Follow termination procedures to a T or else

Lessons from Datacentrix (Pty) Ltd v O-Line (Pty) Ltd

A recent decision of the Supreme Court of Appeal (“SCA”) is a timely reminder that a party who fails to follow a contractually prescribed termination procedure does so at its own peril.

In the case of Datacentrix (Pty) Ltd v O-Line (Pty) Ltd [2022] ZASCA 162, Datacentrix appealed a decision of the Gauteng Division of the High Court (“high court”) whereby it was ordered to pay approximately R2m to O-Line as damages for breach of contract following a failed software implementation project.

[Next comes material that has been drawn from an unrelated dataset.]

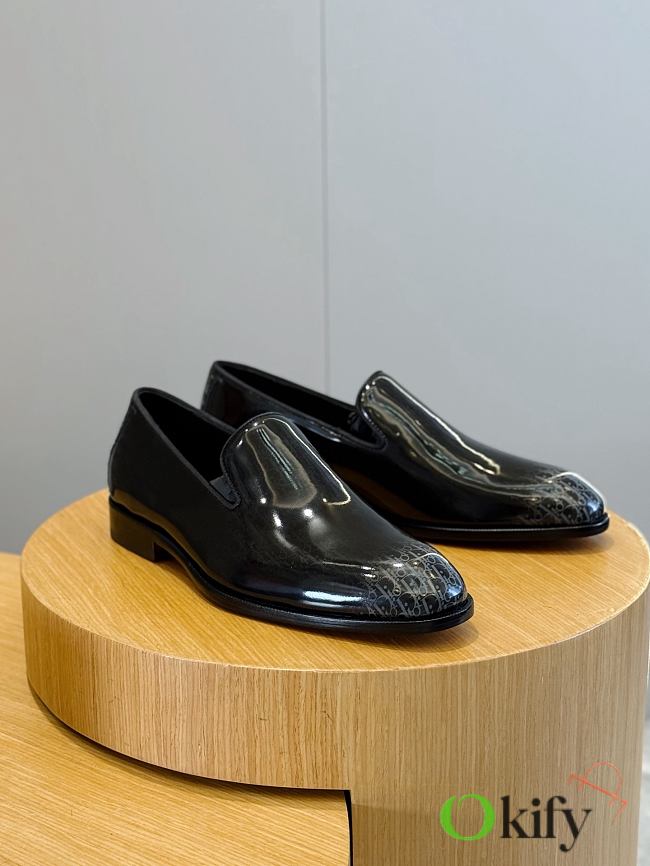 Okify Dior Black Leather Men Loafers - 1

O-Line, a manufacturer of electrical and mechanical support systems, had entered into an agreement with Datacentrix, an authorised distributer of Sage software, for the installation and configuration of the Sage X3 enterprise resource planning software system in O-Line’s environment. O-Line paid Datacentrix a fee of R1.94m for the implementation of the software.

The implementation project did not proceed according to plan. O-Line claimed that it was unable to use the software due to Datacentrix’s failure to properly implement and configure the software. In addition, O-Line alleged that Datacentrix failed to provide sufficient staff with the requisite skills to perform the necessary support services. As a result, O-Line could not use the software for its intended purpose. In other words, O-Line had spent almost R2m on software it could not use.

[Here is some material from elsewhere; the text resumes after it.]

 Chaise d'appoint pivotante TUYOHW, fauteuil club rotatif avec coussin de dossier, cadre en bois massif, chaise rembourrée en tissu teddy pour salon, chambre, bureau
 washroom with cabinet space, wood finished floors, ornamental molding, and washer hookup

The high court held that Datacentrix breached the agreement, and that O-Line’s termination of the agreement was valid. On appeal, the SCA had to determine if the high court’s finding that the agreement had been breached and validly terminated was correct.

Unfortunately for O-Line, the SCA agreed with Datacentrix’s argument that the agreement was not properly terminated, as it had failed to follow the termination procedure set out in the agreement. In its finding, the SCA relied on two letters sent to Datacentrix by O-Line to complain about Datacentrix’s poor performance.

In its initial letter of 8 June 2015, O-Line alleged various breaches of the agreement (including a lack of performance of the software and failed project management) and required Datacentrix to submit a detailed remediation plan by 12 June 2015. In addition, O-Line threatened to withhold outstanding payment and to instruct its lawyers to initiate litigation.

Following the letter, the parties met to attempt to resolve the dispute. O-Line also twice rejected Datacentrix’s proposed remediation plan.

This resulted in an email from O-Line on 22 October 2015 informing Datacentrix of the cancellation of the agreement due to Datacentrix’s failure to perform the services and to remedy its non-performance.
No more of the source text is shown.